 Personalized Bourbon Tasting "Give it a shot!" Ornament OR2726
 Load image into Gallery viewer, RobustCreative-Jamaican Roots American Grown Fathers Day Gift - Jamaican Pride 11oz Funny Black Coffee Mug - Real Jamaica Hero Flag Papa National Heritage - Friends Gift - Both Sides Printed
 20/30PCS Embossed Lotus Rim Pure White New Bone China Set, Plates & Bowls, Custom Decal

Your task. Each line of the data should be given back exactly.

Your response.
 Personalized Bourbon Tasting "Give it a shot!" Ornament OR2726
 Load image into Gallery viewer, RobustCreative-Jamaican Roots American Grown Fathers Day Gift - Jamaican Pride 11oz Funny Black Coffee Mug - Real Jamaica Hero Flag Papa National Heritage - Friends Gift - Both Sides Printed
 20/30PCS Embossed Lotus Rim Pure White New Bone China Set, Plates & Bowls, Custom Decal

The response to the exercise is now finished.